Ein geradezu bedrohlicher Dichter-Berg. Gibt es auch persönliche Vorlieben?

Wie meinen Sie das?

Wer Reich-Ranicki über Literatur reden hört, stoppt heimlich die Zeitspanne, bis der Name Thomas Mann fällt. Gibt es für Hermann Glaser den Dichter seines Lebens?

Eindeutig: Nein! Ich wollte immer viele gleichberechtigte Stimmen hören. In Zeiten des Fundamentalismus ist der Eklektiker, der auswählt und überall etwas Gutes entdeckt, auf der richtigen Position.

Ist es Ihnen denn gelungen, mit den Veranstaltungen die Brücke zum emanzipierten Selber-Lesen zu bauen?

Diese Nachwirkung kann ich leider nicht beurteilen. Aber selbstverständlich ist das immer auch in den eigenen Publikationen mein Ziel gewesen. Ich habe noch nicht aufgegeben, die breit gefächerte Thematik der Lesebühne in einer Anthologie unterzubringen.

Die letzte Lesebühne nimmt Wilhelm Busch als Überschrift: „Jeder legt noch schnell ein Ei...“ Sind die alle mit Likör und Nougat gefüllt?

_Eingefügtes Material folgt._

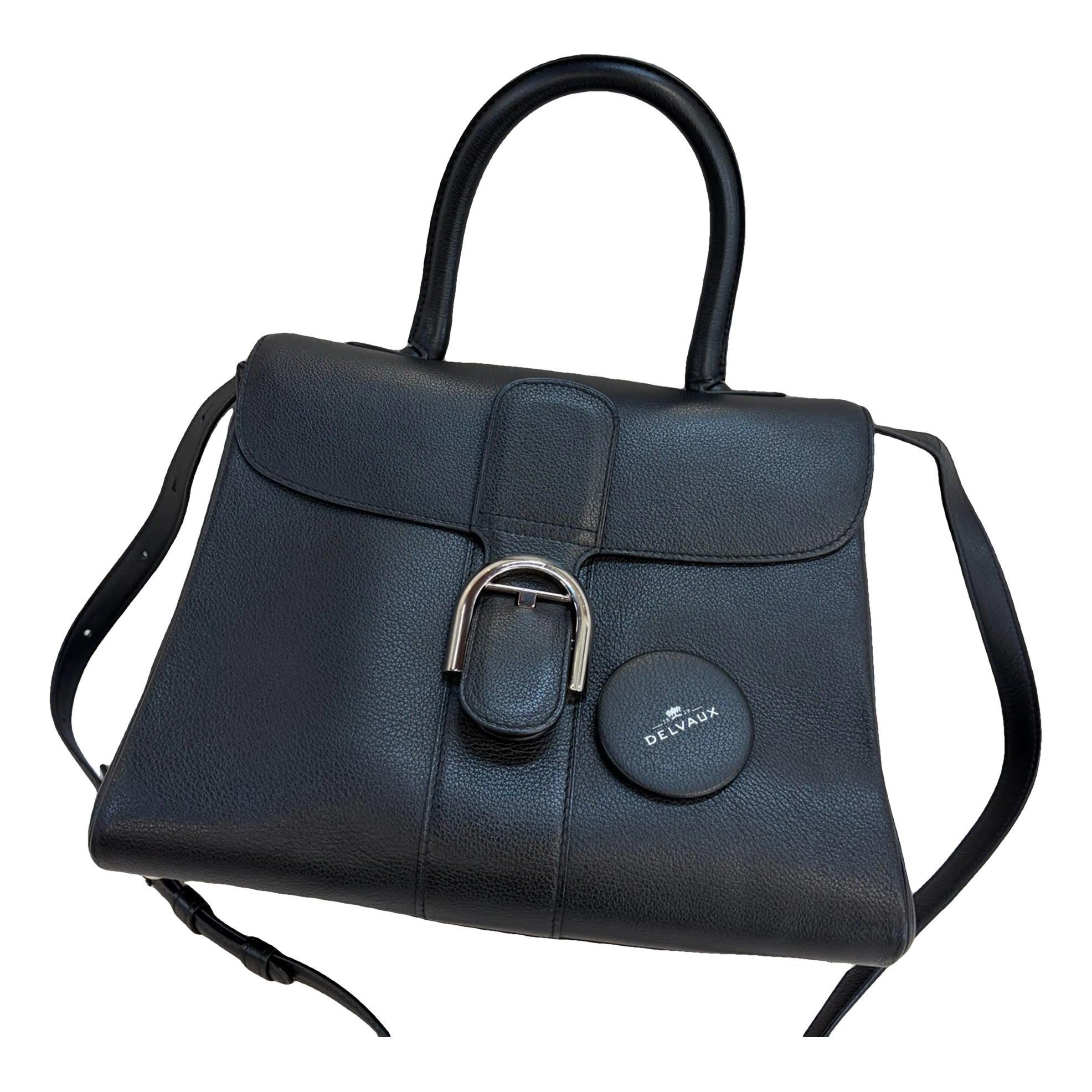 Brillant leather handbag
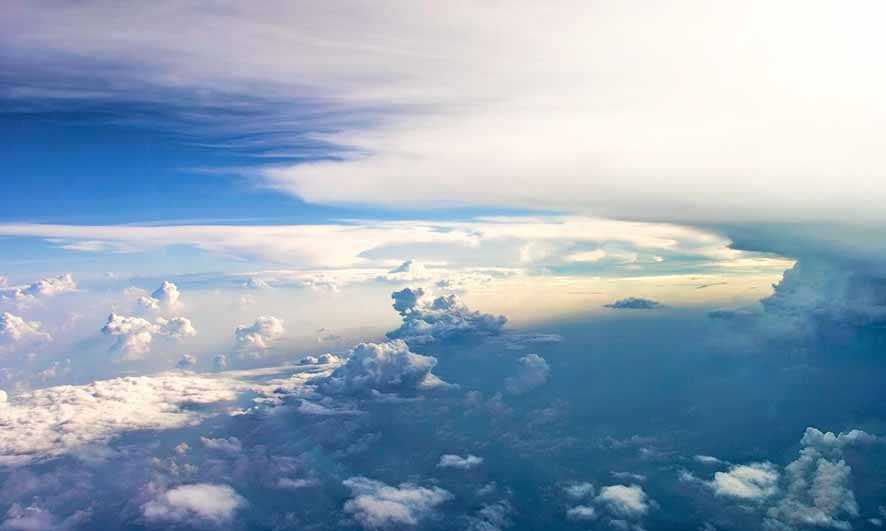 Aerosol Gunung Berapi Terbukti  Turunkan Suhu Bumi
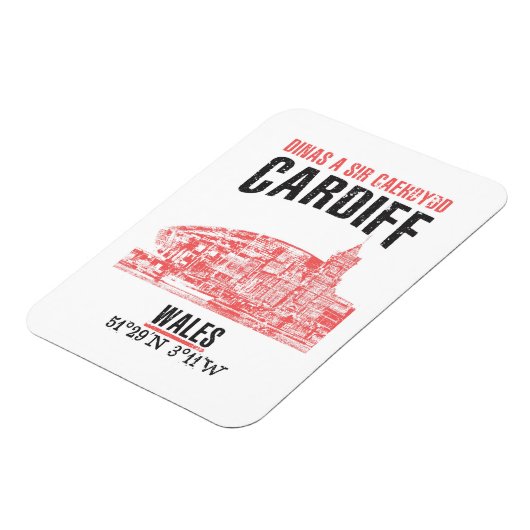 Cardiff Magneet (Linkerzijde)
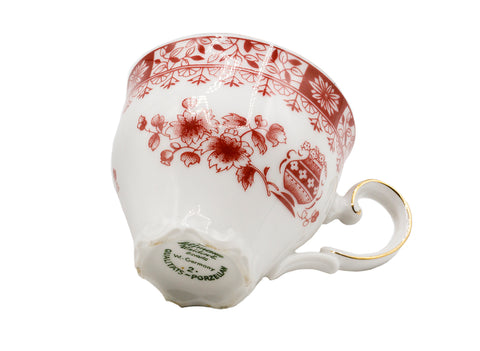 Porcelain tea cup with the saucer  # 93053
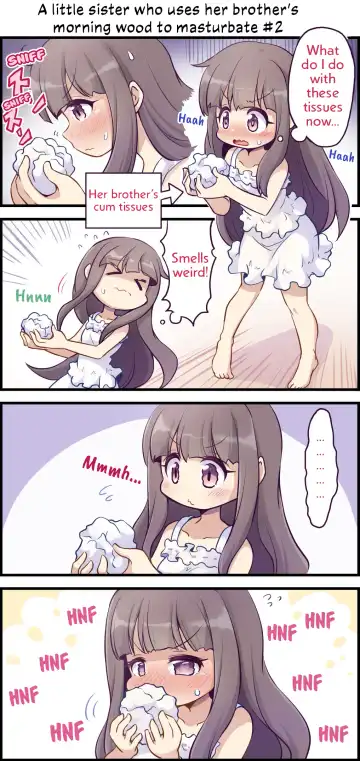 [Tomagiri] Barenai You Ni Nii De Onanii Suru Imouto-Chan | A Little Sister Who Tries to Be Sneaky About Using Her Big Brother to Masturbate Fhentai - Page 7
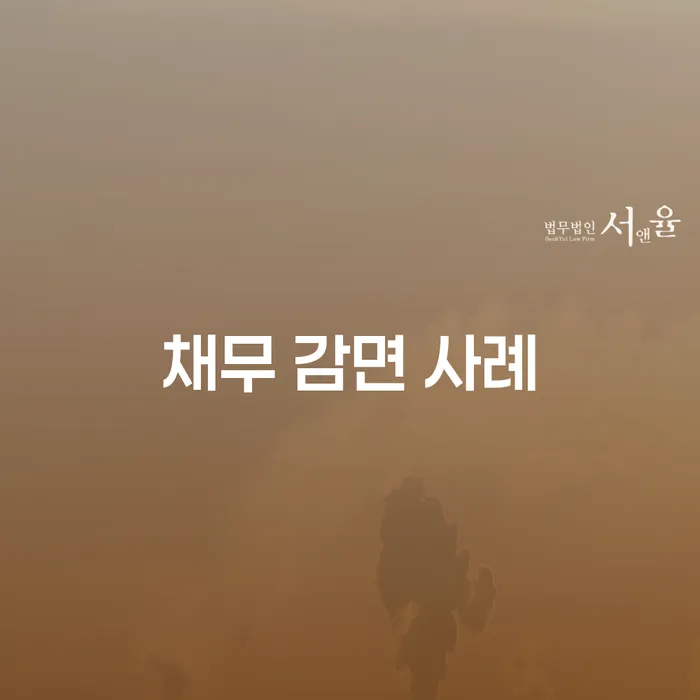 채무 감면 사례가 빚 문제 해결에 어떻게 도움이 될 수 있을까요?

Da sind schon auch ein paar faule Eier dabei! Wir finden bei Dichtern Beschreibungen unserer Misere, die nicht nur allgemein sind. Schiller klagt über den lärmenden Markt des Jahrhunderts, auf dem die Kultur nicht gehört wird, der Manager kommt auch in der Dichtung vor. Neu ins Programm nehmen wir am Sonntag etwas aus Johann Wolfgang von Goethe „Faust II“, wo Mephisto am Hof des Kaisers mit Aktien handelt.

Sie treten zum Abschied als Moderator auf?

Aber nur, weil es der Abschied ist und das Programm, eine Auswahl der Auswahl der Auswahl, ein paar Anmerkungen braucht.

Bleibt ein Rest von Wehmut nach den acht Jahren?

Ich hätte gerne neben denen, die gekommen sind, auch das ganz junge Publikum erreicht. Ich erinnere mich, wie ich mal bei Friseurinnen in der Berufsschule war und weil ich natürlich nichts über Haarmode sagen konnte, Gedichte mitgebracht hatte. Damals sagte eine der jungen Frauen, die Joseph Eichendorff nicht mal vom Kreuzworträtsel her kannte: Das ist ja echt spitze. Von solchen Augenblicken träume ich immer.